* [DATA TO EXAMINE]
[Start of section]

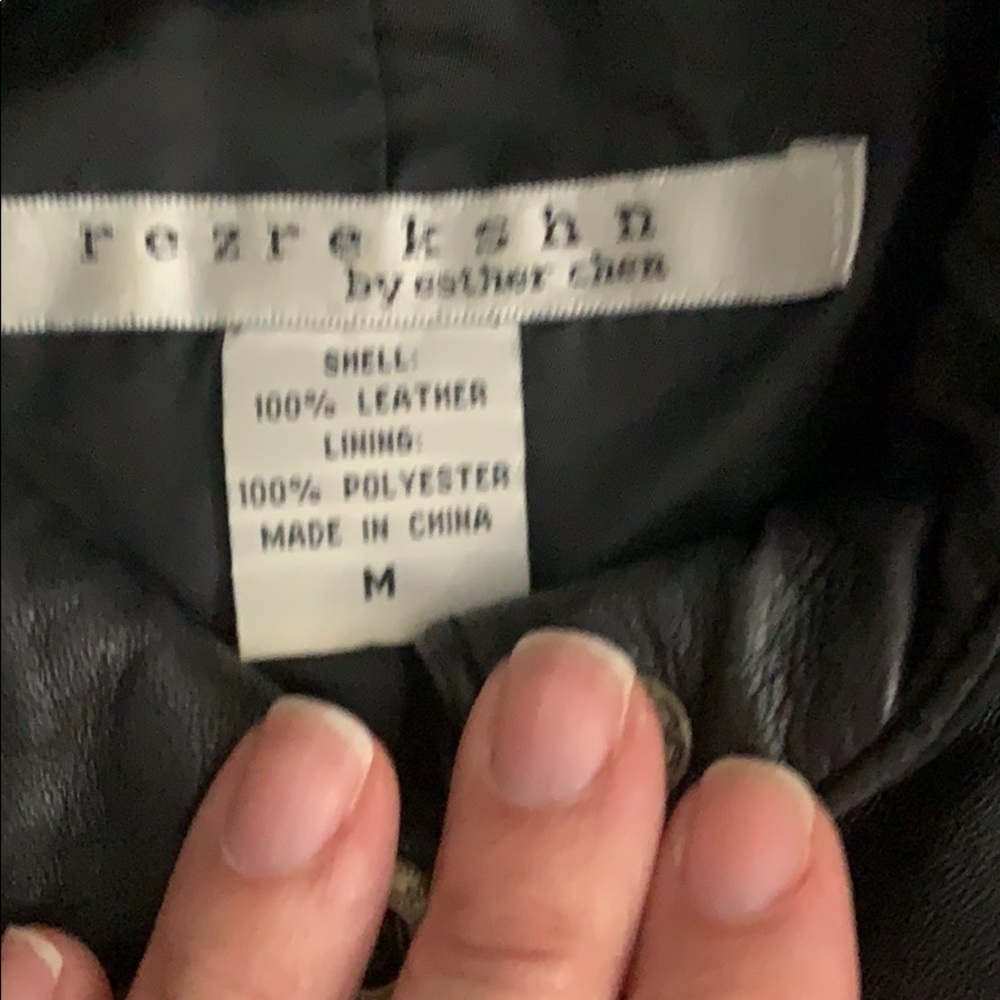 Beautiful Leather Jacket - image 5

[End of section]
[Start of section]

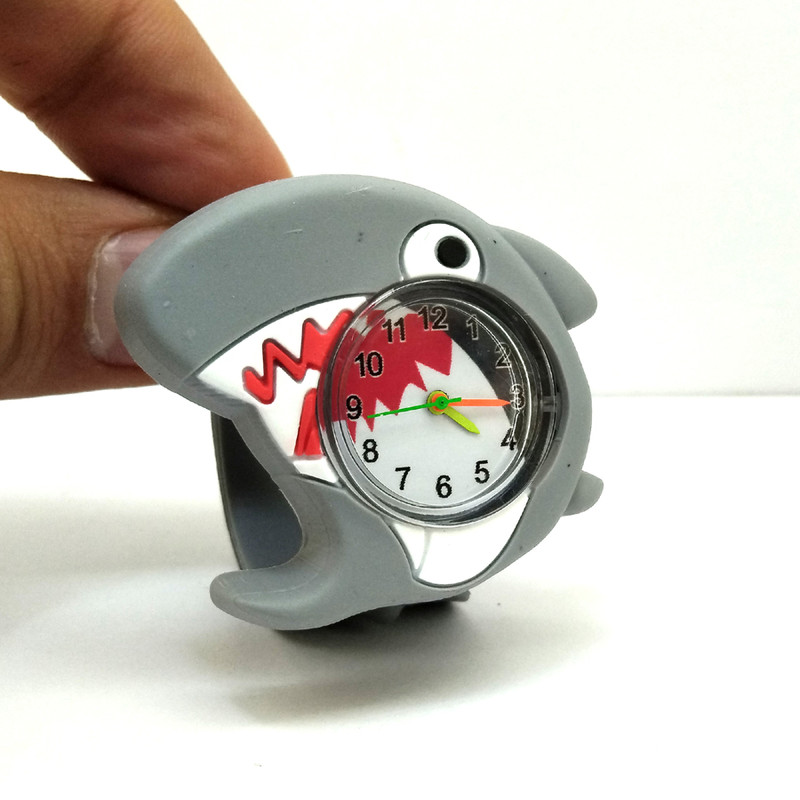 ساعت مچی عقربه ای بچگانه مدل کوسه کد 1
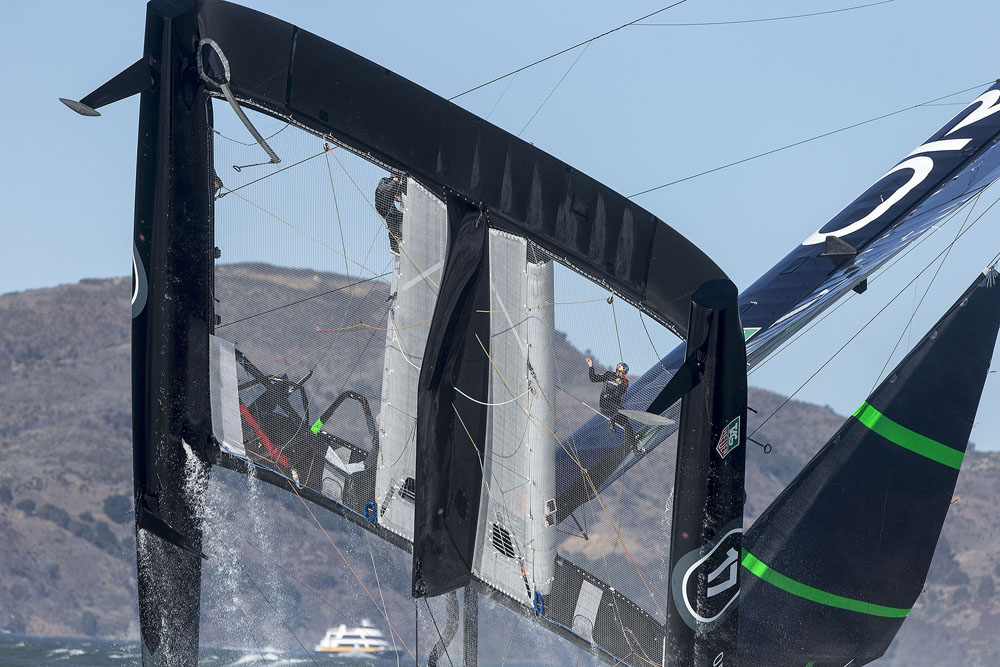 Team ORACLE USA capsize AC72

[End of section]
[Start of section]

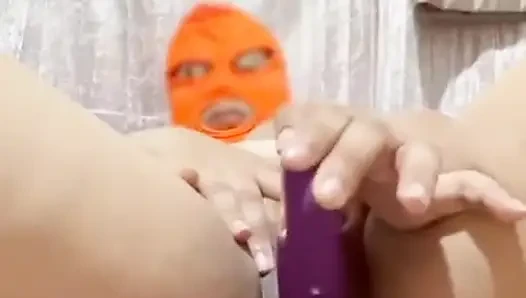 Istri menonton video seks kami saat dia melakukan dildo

[End of section]

* [WHAT TO PRODUCE] Using the material above, reproduce only the lines that run from the line with "ساعت مچی عقربه ای بچگانه مدل کوسه کد 1" up to and including the line with "Team ORACLE USA capsize AC72", exactly, with the pictures dropped.

* [TASK RESPONSE]
 ساعت مچی عقربه ای بچگانه مدل کوسه کد 1
 Team ORACLE USA capsize AC72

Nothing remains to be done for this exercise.